Как понятны и чувства ивановцев при чтении этих стихов: это была еще не вся правда, поскольку ответ на вопрос «заслужили или нет?» давался слишком неопределенный: «Что исполнится, то вспомнится кем-нибудь когда-нибудь», – но уже ее попытка. А так как ивановцы жаждали если не плана действий, то определенности, то они прочитали всю стихотворную «авроровскую» подборку, и вслед за «Москвой – Иваново», через типографский знак, называющийся типографскими рабочими неопределенно-любовно «бубочкой», прочли еще одно стихотворение из шестнадцати строк, которое мне хочется привести полностью. В силу неопределенности постановки бубочки было совершенно непонятно, следует считать шестнадцать строк отдельным стихотворением или как бы прицепным, дополнительным вагоном, также прибывшим в Иваново, и ивановцы решили, что – прицепным:
Достойно, главное, достойно
любые встретить времена,
когда эпоха то застойна,
то взбаламучена до дна.
Достойно, главное, достойно,
чтоб раздаватели щедрот
не довели тебя до стойла
и не заткнули сеном рот.
Страх перед временем – паденье.
На трусость душу не потрать,
но приготовь себя к потере
всего, что страшно потерять.
Но если все переломалось,
как невозможно предрешить,
скажи себе такую малость:
«И это можно пережить…»
Эти шестнадцать строк были, таким образом, все-таки некоторой попыткой программы социального поведения, и я, право, удивляюсь, как они могли быть напечатаны в 1978 году – мне почему-то кажется, что их непросто было бы напечатать и сейчас…

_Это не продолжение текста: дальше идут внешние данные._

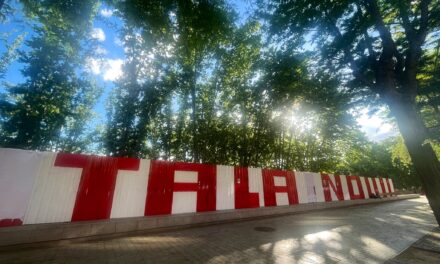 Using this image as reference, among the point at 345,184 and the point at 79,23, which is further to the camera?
the point at 345,184

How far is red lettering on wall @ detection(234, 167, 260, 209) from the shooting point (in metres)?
11.6

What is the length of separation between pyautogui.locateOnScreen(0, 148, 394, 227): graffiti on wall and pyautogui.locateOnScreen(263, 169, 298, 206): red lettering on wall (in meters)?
0.06

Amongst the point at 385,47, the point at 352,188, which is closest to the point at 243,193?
the point at 385,47

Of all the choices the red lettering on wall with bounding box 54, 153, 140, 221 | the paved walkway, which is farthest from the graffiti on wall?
the paved walkway

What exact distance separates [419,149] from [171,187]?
905cm

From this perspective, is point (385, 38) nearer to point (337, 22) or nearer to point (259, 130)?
point (337, 22)

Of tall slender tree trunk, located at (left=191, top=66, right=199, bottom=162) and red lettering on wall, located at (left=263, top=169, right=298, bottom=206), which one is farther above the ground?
tall slender tree trunk, located at (left=191, top=66, right=199, bottom=162)

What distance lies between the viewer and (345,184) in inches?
789

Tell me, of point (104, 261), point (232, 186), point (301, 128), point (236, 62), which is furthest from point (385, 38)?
point (301, 128)

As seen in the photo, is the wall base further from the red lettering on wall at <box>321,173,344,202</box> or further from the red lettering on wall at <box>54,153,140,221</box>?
the red lettering on wall at <box>321,173,344,202</box>

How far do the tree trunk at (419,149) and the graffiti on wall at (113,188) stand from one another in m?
7.72

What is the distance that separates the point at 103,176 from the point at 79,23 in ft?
18.9

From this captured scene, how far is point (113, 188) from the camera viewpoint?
25.6 feet

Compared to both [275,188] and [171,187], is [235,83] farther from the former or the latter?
[171,187] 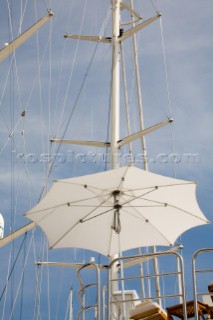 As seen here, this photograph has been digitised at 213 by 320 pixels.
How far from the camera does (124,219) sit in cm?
1388

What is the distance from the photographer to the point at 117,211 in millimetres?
12859

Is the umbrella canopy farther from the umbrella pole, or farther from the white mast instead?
the white mast

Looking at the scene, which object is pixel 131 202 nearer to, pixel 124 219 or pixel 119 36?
pixel 124 219

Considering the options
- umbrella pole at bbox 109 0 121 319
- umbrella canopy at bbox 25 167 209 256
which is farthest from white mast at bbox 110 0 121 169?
umbrella canopy at bbox 25 167 209 256

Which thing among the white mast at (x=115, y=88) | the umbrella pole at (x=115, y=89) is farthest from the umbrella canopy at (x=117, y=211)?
the white mast at (x=115, y=88)

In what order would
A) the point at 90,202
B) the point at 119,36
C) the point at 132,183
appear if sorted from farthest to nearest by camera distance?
the point at 119,36 < the point at 90,202 < the point at 132,183

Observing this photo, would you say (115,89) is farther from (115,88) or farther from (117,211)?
(117,211)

Соединение поэтического и социального должно было, вследствие превышения критической массы, вызвать в Иванове взрыв. И вызвало.
Первый ответный залп по «Авроре» сделал работавший в то время первым секретарем Ивановского обкома КПСС Виктор Клюев. На информационной встрече идеологического актива области 17 января 1979 года он, по позднейшему сообщению «Плачущего гегемона», сурово заметил: «Осмысливать настоящие жизненные явления и измышлять их во сне – вещи разные».
Это разгромное выступление, вызвало, разумеется, противоположный эффект: весь идеологический актив кинулся раздобывать «Аврору», ставшую вмиг сверхдефицитной, и стихи Евтушенко переписывались, заучивались наизусть, перепечатывались на машинке, ксерокопировались, ротапринтировались, перефотографировались… Пусть будущий ивановский историк отметит это время как начало ивановского самиздата, когда к 169 тысячам экземпляров центрального тиража «Авроры» прибавилось несколько тысяч тиража местного.
И это был не единственный вид творчества масс, который пробудила литературоведческая речь первого секретаря.
Спустя некоторый срок одним из ответных творений стало выступление в «Плачущем гегемоне» его редактора Владимира Кулагина, занявшее половину полосы девяносто пятого номера газеты и потеснившее даже традиционное обсуждение бестселлера тех лет «Целина» – подобно тому, как Глазунов вытеснил в художественном музее мумию. Если Владимир Клюев давал стихотворению общую оценку, то Владимир Кулагин шел дальше. Евтушенко был дан бой по всем пунктам: объявлялось, например, что в своей давней поэме «Ивановские ситцы» святое для всей России слово «Иваново» он рифмует со словами «пьяново», «рваново», «надуваново», по существу ставит между ними знак равенства; что картина быта и нравов поезда № 662 «нетипична»; что «область и страна хорошо знают и любят других камвольщиц»; что бабушка с баночкой кофе «карикатурна»; что командированный вез никакой не «мусор», а «планы обновления наших полей в свете постановлений партии и правительства», – отлуп, как говаривал дед Щукарь, был полнейший.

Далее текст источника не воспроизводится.